Most of my experience has been with Java, so I am pretty familiar with the language and IDEs and …, but I have been working with Golang recently and it has been a positive experience.
On one hand we have a very well optimized JVM with excellent GC and on the other hand we have Go with native executables. So, I wrote two sets of code to benchmark performance of each of these when they load and parse a webpage.
The task is to load a number of web pages and parse them as a DOM structure and then search for specific tags within the DOM. This is a simple example of what any web page extractor would need.
In a benchmark, it is not important which hardware/OS environment you run the code. The only important factor is that they should be the same for all the different code you want to compare.
So I started a docker container on my Macbook with 4 CPUs and 8GB RAM. This is not an ideal RAM for high processing tasks like this but as I said, the point is just to “compare” the performances with each other and as long as they both run on the same environment we are fine.
For Java I picked the well known jsoup library. This framework is actively maintained and has ~7900 stars on GitHub. It is well documented and easy to get started with.
For Go, I picked goquery. This one is also pretty active and has 8800 GitHub stars.
To do the benchmark, I prepared a link file with a small number of links to some high traffic websites with lots of links and contents.

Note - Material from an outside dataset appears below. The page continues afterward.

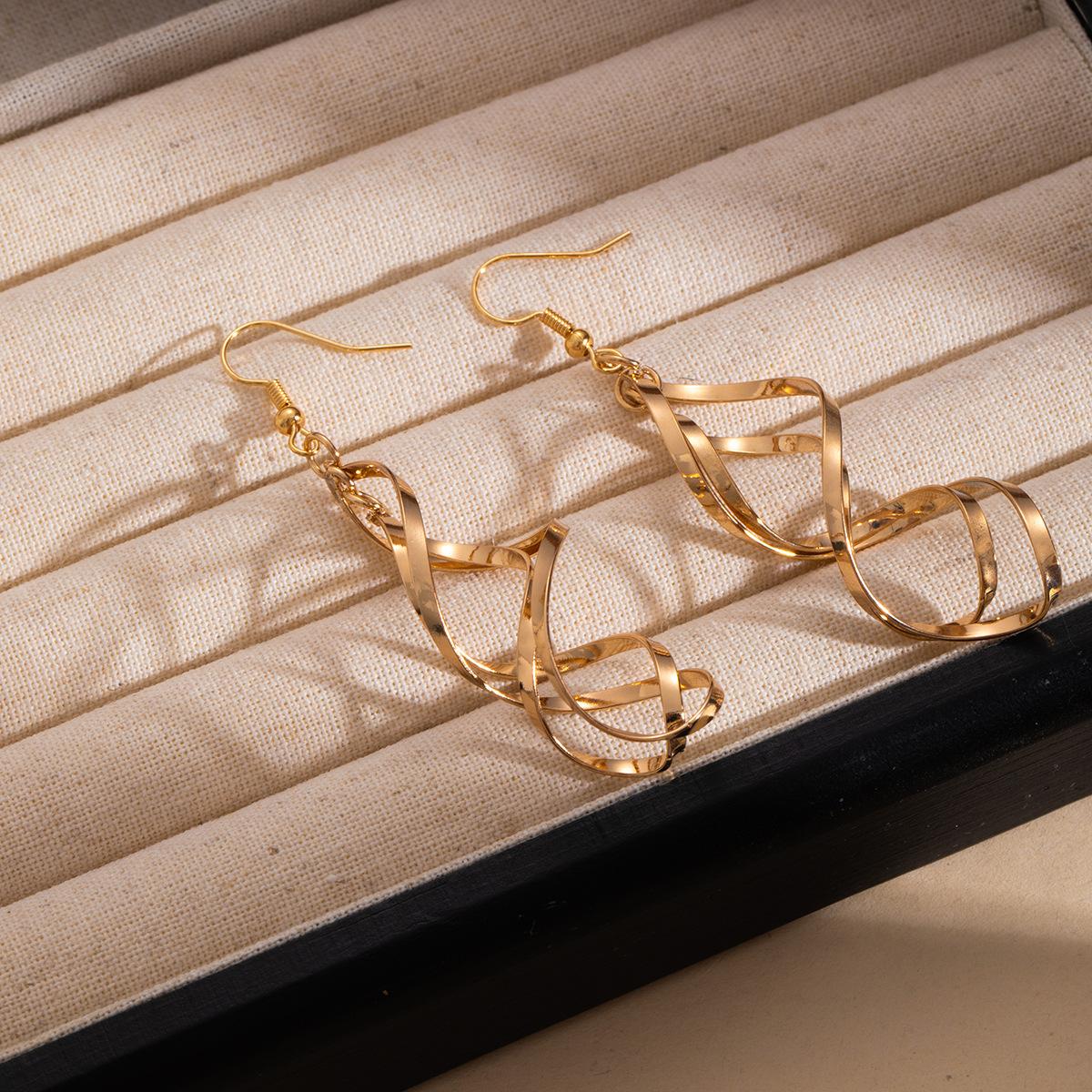 Простые Твист Призматические Модные Серьги с Характером Модный Темперамент Двойное Окружение Геометрический Полый Крючок для Уха Женские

Below steps are done 10 times for each of Java and Go implementations:
- Call parsing code with each link from the input file (HTML parsing only)
- Call parsing code with each link from the input file + one of “a, div, span, p” selectors (HTML parse + document traverse)
- Time each execution and log it to the output (language, url, selector, result, time taken).
All of the source code (Go and Java implementations + scripts used to do the benchmarking) are available here
900 executions were made during the benchmark (450 for each language).
- Average execution time for Golang across all 450 executions was 235 milliseconds.
- This number was 921 milliseconds for the Java implementation.
So, Go was about 4x faster than Java on average, which is impressive!